_How to complete this task_: Copy every record below exactly as written, but leave out the pictures.

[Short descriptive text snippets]
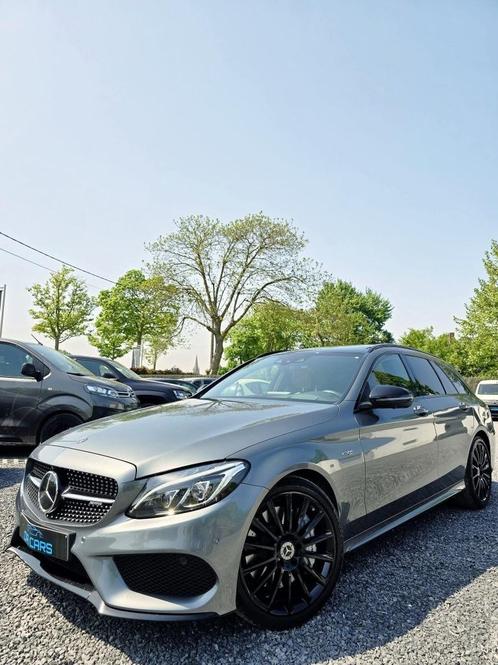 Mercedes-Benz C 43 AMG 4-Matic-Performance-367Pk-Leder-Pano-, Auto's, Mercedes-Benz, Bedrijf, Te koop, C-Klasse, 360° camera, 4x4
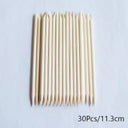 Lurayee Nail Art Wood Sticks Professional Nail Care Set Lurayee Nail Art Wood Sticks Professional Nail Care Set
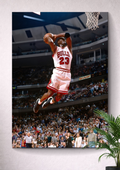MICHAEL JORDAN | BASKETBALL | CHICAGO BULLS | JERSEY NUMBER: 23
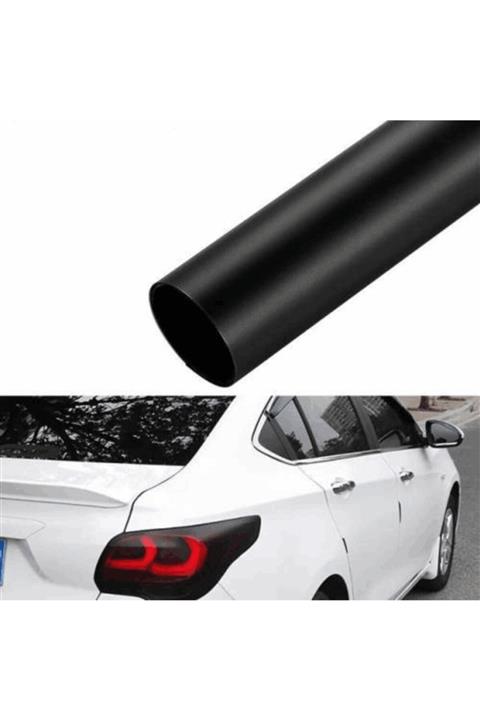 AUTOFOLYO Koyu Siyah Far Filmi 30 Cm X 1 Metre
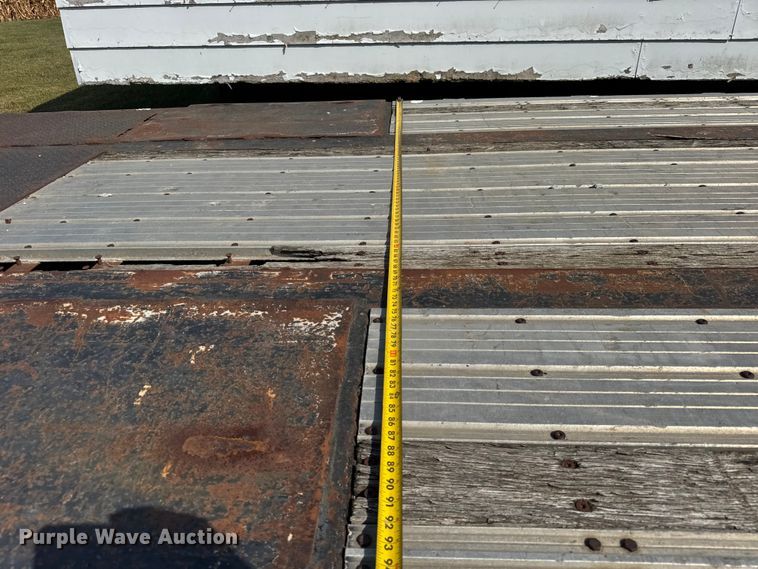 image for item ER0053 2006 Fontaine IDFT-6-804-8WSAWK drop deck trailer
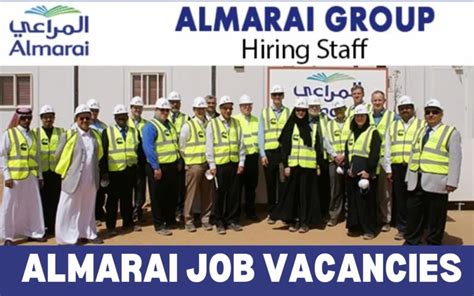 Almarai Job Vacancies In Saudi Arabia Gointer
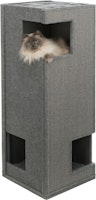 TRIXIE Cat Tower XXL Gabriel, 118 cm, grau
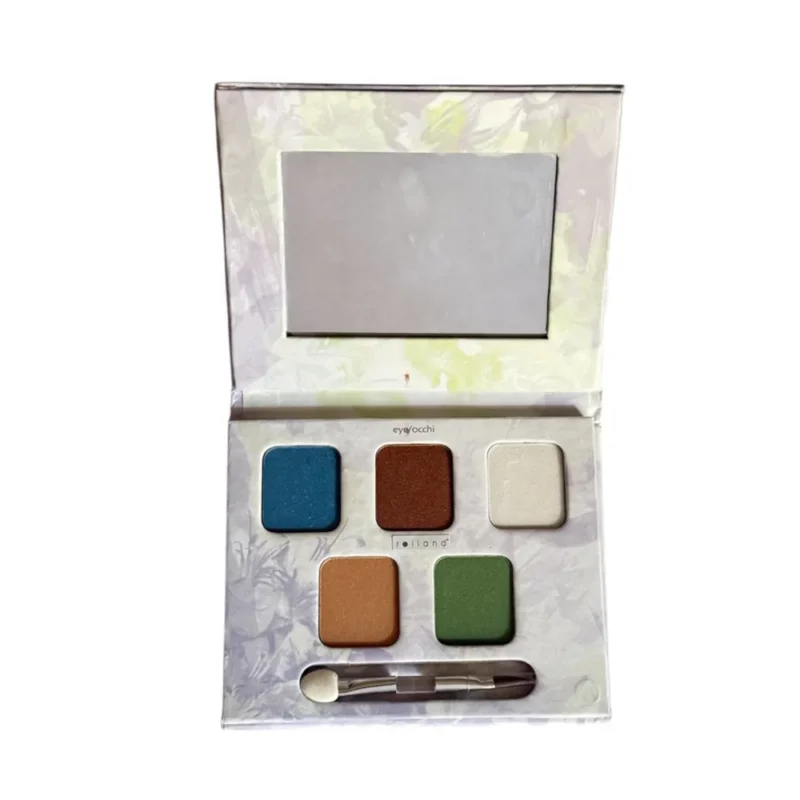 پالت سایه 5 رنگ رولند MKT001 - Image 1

_Solution for this exercise_:
 Mercedes-Benz C 43 AMG 4-Matic-Performance-367Pk-Leder-Pano-, Auto's, Mercedes-Benz, Bedrijf, Te koop, C-Klasse, 360° camera, 4x4
 Lurayee Nail Art Wood Sticks Professional Nail Care Set Lurayee Nail Art Wood Sticks Professional Nail Care Set
MICHAEL JORDAN | BASKETBALL | CHICAGO BULLS | JERSEY NUMBER: 23
 AUTOFOLYO Koyu Siyah Far Filmi 30 Cm X 1 Metre
 image for item ER0053 2006 Fontaine IDFT-6-804-8WSAWK drop deck trailer
 Almarai Job Vacancies In Saudi Arabia Gointer
 TRIXIE Cat Tower XXL Gabriel, 118 cm, grau
 پالت سایه 5 رنگ رولند MKT001 - Image 1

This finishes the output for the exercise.